California Gov. Gavin Newsom now proposes to declare a state of emergency in California and quickly approve more legislation that had probably been sitting on his predecessors’ desk for the last two terms. Voters already approved $1.2 billion for proposition HHH in 2016. The money hasn’t been spent as there were too many laws and environmental reviews in the way. It has taken nearly three years for a governor in this state to take action on legislation that was blocking this. Yet, California has accepted the additional tax revenues since 2016.

According to the LA Times, LA County claimed it took almost 22,000 people off the streets in 2018. In the last two and a half years only 477 emergency shelter beds have been added, even though an emergency shelter crisis was declared in 2018. However, the incomplete and inaccurate count shows the homeless numbers on the rise. In LA County, the politician’s debate about whether to build more public bathrooms at an estimated cost of around $385,000 each.

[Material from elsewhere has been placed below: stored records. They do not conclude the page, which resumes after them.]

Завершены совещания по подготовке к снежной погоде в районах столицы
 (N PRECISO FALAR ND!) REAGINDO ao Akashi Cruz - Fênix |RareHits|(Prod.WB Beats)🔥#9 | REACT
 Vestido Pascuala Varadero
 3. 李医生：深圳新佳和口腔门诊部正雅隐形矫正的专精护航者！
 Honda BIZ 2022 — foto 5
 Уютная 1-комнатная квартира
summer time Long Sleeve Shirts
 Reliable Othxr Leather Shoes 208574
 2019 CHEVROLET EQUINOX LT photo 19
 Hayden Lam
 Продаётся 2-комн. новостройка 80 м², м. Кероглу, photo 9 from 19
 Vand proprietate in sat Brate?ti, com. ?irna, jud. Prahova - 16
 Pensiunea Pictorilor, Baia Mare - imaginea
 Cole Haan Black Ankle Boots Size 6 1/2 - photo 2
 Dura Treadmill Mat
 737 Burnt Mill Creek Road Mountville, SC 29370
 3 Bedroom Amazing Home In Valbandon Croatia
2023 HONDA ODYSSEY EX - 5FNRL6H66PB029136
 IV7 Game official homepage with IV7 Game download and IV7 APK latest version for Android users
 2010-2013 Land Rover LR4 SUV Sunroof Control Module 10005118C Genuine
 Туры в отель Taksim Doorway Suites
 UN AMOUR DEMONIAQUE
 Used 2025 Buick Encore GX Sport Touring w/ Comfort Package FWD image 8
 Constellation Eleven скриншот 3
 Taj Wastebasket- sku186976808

In San Francisco, the city spent nearly $2 billion for permanent and supportive housing (2004–2014) and now the streets are in decay with major outbreaks of Hepatitis A, typhoid and typhus around street encampments (San Francisco, Hostage to the Homeless, City Journal). Today, in San Francisco, a unit of affordable housing costs between $600,000 and $800,000 and building houses for all the homeless would run about $6.4 billion. Many drug courts have been closed with judges refusing to sentence offenders to jail time for fear of overcrowding the jail system.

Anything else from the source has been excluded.